Hanworth Hall is a large late 17th-century country house some 500 m to the south of the village of Hanworth, Norfolk, England. It is protected and recognised in the highest category of the three in the English statutory scheme, as a Grade I listed building.

It is built of brick with stone dressings and a hipped (sloped) slate roof to a double-pile floor plan. The main eastern façade has 2 storeys plus a garret-style attic; it is 9 bays across. The central three slightly project, under a simple pediment.

Hanworth Hall was seat of the Doughty family from the 15th to the 18th century. The hall was rebuilt after a fire of 1686, for Robert Doughty (1699/1700-1770). His son, Robert Lee Doughty, began to lay out the park in 1770. He valued input from friend, leading landscape designer Humphry Repton during 1789 to 1790. Within the remaining demesne grounds is a notable Spanish chestnut tree which is thought to pre-date 1714.

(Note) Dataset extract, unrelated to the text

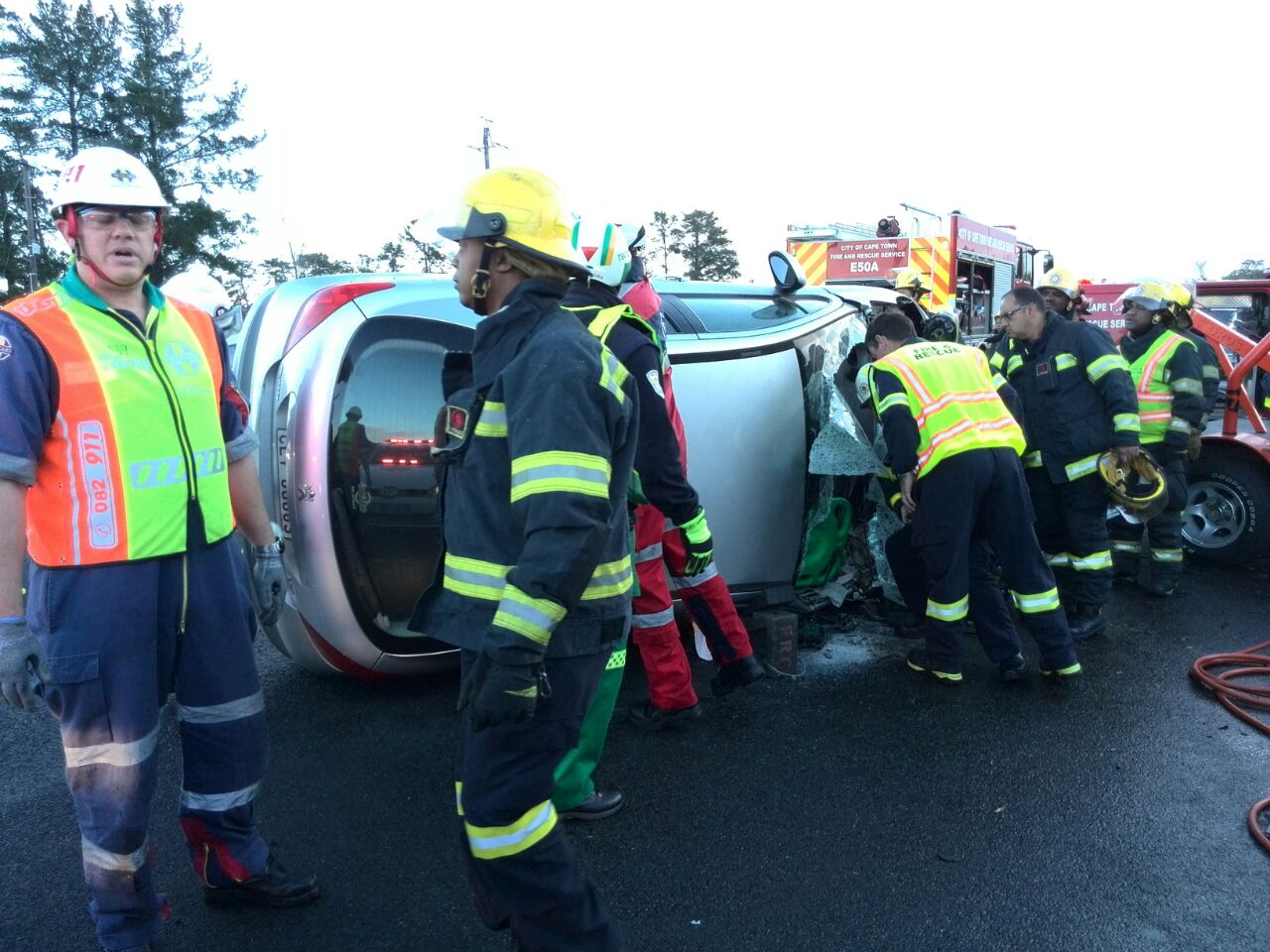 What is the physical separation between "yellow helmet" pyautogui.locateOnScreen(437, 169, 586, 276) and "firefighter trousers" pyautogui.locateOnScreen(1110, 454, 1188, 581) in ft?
15.8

Robert died with no heirs and the estate passed to the children of his sister Catherine and her husband George Lukin, passing in turn to Philip Wynell Mayow (died 1845), then William Howe Windham, MP, (son of Vice Admiral William Lukin Windham) and then the latter's son William Frederick Windham. At the end of the century, his £20,000 debts in legal fees from defending himself from accusations of lunacy principally for contracting a left-handed marriage and being profligate, caused the property to be sold in 1900 to Joseph Gurney Barclay for his third son, Army officer Henry Barclay, aide-de-camp to Edward VII of the United Kingdom (1906–10) and George V (1910–25). Henry's descendant, and significant heir, Michael, was convicted and briefly gaoled in 2006 for wildlife offences.